* YOUR INSTRUCTIONS
Range to copy from the entries below: the line containing "Female Cool Red And Silver Nail Ideas" through the line containing "4pcs-Christmas Tree Ribbon", inclusive. Retype only those lines, exactly, without any images.

* DATA SECTION

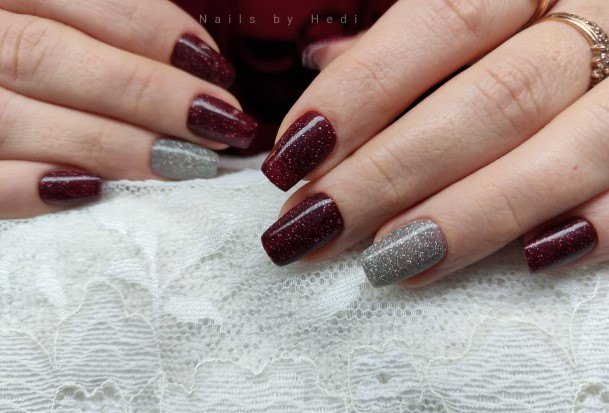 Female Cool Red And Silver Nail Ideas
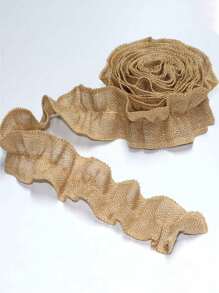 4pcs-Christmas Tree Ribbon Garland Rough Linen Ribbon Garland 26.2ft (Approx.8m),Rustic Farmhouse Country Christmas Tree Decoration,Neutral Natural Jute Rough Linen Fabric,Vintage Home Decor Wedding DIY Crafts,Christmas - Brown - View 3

* * *

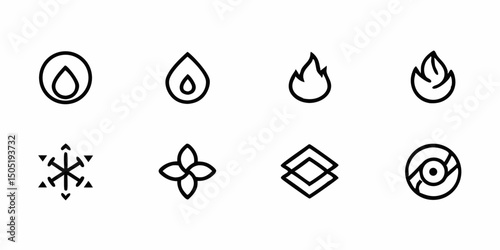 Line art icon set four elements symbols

* PROBLEM SOLUTION
 Female Cool Red And Silver Nail Ideas
 4pcs-Christmas Tree Ribbon Garland Rough Linen Ribbon Garland 26.2ft (Approx.8m),Rustic Farmhouse Country Christmas Tree Decoration,Neutral Natural Jute Rough Linen Fabric,Vintage Home Decor Wedding DIY Crafts,Christmas - Brown - View 3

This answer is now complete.